The goal of personal profit is no longer a priority. This kind of learning starts from an important premise, which is to be able to perceive ourselves no longer as detached but in connection and communion with Nature. We can choose, for example, to stop producing waste by rethinking our production process in a circular form, for example, so that waste becomes an input for another production process.
Two scientists, James Lovelock and Lynn Margulis, are the authors of a fascinating (but also controversial) theory, the famous 'Gaia hypothesis', according to which the Earth is a single living, breathing being composed of different living beings. According to this hypothesis, interconnectedness is not just a way of perceiving, of learning our contexts, but something more. Reducing complexity and feeling separated from it makes us impervious to empathy and suffering for how we treat Gaia, our planet-living being.
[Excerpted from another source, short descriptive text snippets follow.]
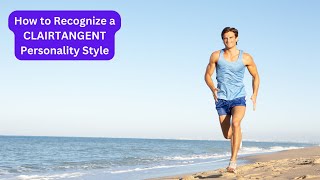 How to Recognize a CLAIRTANGENT Personality Style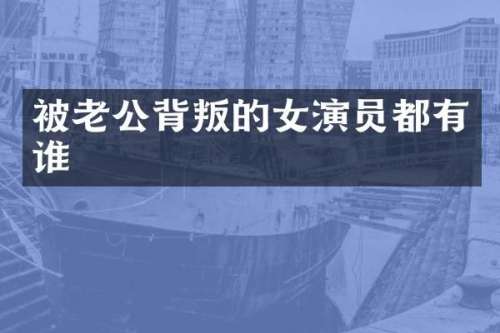 被老公背叛的女演员都有谁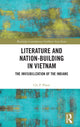 Book cover of: Literature and Nation-Building in Vietnam. By: Chi P. Pham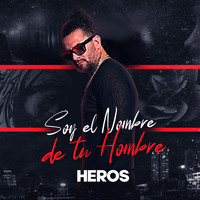 Heros - Soy el Nombre de Tu Hombre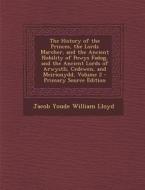 The History of the Princes, the Lords Marcher, and the Ancient Nobility of Powys Fadog, and the Ancient Lords of Arwystli, Cedewen, and Meirionydd, Vo di Jacob Youde William Lloyd edito da Nabu Press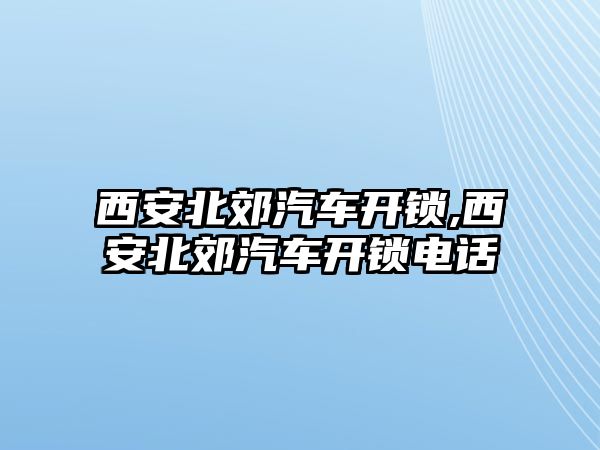 西安北郊汽車開鎖,西安北郊汽車開鎖電話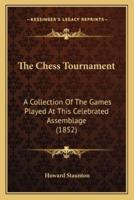 The Chess Tournament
The Overview Effect is an interesting perspective to ask ourselves: how can we regenerate our view of the world? How can we generate the same personal movement that allows astronauts to never be the same again, once they have experienced this Effect? How do we access learning 3 about our human condition on this planet? How, collectively, to gain insight that leads us to radically rethink our production systems and our relationship with the Earth?
Learning 3 has a very strong spiritual component. The astronauts who were interviewed by Frank White spoke of spiritual alignment, of the transcendence of experience. Perhaps one way to feel this wave of love and tenderness towards our common home is to collectively and truly open ourselves to this dimension.